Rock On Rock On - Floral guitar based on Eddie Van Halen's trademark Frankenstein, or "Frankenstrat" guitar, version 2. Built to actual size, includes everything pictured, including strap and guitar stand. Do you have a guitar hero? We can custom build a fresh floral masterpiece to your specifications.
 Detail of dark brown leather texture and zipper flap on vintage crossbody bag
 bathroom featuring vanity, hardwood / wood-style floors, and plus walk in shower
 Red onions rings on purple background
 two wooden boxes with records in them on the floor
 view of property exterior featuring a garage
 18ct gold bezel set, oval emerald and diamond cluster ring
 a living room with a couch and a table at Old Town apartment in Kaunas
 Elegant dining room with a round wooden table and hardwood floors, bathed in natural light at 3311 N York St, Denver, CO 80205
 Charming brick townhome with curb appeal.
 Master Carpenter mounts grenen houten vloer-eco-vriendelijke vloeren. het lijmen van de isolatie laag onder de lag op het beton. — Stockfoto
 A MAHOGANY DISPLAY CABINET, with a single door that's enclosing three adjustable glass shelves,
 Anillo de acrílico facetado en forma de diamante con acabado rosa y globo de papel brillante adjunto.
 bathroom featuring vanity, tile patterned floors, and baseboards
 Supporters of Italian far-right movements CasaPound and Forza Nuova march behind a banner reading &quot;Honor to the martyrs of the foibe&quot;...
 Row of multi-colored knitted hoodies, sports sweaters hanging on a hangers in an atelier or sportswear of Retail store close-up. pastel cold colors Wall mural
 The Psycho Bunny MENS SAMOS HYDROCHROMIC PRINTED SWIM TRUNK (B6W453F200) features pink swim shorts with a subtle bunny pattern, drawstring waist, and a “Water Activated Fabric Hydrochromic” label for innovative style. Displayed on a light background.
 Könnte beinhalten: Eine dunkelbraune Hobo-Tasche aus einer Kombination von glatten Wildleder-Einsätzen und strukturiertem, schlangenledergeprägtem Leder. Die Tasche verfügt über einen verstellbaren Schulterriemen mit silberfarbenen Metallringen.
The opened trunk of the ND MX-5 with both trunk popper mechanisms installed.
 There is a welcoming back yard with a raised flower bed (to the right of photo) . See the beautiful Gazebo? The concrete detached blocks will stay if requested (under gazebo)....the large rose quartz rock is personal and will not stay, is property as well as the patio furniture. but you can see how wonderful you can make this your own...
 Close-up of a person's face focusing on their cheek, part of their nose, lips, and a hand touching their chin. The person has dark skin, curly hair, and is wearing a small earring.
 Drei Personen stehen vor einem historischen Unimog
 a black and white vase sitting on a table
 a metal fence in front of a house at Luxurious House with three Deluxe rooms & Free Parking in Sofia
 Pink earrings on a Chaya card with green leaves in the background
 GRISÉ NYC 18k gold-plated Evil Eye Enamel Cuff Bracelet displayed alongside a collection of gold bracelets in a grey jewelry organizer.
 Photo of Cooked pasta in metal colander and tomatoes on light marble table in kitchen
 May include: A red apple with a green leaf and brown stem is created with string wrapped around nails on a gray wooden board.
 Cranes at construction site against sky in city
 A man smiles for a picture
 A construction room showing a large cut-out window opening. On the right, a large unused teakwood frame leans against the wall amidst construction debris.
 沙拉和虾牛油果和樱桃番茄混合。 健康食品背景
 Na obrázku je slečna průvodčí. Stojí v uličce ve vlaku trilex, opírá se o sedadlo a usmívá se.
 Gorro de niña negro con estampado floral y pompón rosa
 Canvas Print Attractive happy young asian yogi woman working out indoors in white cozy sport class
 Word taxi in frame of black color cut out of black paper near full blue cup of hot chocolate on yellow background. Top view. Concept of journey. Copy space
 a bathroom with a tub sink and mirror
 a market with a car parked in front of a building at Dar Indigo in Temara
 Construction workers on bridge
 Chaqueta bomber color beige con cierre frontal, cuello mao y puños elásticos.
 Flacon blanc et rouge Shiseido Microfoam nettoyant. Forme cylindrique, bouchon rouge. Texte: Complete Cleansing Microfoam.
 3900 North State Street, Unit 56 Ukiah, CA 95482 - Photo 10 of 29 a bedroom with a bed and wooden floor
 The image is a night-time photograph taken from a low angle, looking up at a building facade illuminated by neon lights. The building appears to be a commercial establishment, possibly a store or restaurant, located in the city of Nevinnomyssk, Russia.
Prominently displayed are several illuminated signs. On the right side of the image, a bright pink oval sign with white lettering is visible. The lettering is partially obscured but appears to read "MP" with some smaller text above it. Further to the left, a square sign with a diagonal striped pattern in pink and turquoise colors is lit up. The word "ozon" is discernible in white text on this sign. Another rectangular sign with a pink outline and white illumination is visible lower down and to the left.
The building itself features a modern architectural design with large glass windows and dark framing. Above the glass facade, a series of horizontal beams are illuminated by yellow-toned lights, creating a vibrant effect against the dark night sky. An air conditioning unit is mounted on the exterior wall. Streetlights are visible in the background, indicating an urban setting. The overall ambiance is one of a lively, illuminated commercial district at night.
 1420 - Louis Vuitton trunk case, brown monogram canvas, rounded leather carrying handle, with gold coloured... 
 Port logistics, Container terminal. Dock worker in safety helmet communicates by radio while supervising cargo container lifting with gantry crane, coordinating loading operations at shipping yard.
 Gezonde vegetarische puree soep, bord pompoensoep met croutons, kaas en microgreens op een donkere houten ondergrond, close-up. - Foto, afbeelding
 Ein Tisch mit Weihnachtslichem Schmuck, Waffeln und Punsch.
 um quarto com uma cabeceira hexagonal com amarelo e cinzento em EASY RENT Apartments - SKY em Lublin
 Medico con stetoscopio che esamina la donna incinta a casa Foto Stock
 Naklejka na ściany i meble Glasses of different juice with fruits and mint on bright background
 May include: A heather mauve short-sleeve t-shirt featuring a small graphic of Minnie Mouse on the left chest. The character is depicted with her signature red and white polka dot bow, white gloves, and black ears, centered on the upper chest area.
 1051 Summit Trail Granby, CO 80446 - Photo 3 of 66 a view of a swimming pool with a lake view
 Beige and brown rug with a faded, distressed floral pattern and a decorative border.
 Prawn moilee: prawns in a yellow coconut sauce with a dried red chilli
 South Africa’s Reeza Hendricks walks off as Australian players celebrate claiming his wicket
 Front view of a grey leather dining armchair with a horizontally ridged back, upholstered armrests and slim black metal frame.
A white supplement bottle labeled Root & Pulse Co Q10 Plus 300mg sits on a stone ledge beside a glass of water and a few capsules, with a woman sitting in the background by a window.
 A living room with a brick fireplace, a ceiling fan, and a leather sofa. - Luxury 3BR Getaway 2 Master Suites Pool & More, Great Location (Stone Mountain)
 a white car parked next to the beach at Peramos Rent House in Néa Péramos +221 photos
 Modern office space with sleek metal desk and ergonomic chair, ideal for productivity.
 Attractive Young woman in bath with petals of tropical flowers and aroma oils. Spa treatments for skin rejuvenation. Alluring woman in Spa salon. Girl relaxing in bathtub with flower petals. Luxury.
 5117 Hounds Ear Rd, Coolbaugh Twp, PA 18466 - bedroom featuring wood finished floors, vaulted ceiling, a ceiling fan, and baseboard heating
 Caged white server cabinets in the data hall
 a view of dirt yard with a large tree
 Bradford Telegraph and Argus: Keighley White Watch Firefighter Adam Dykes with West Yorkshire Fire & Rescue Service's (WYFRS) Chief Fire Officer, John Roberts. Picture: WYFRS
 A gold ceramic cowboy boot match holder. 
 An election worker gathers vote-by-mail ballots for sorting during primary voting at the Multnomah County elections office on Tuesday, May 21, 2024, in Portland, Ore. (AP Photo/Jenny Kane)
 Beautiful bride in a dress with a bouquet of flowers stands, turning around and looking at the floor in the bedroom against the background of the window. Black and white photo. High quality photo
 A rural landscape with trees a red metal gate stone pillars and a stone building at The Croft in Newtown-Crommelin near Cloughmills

################

Report only how many lines in the records contain the word "left".

2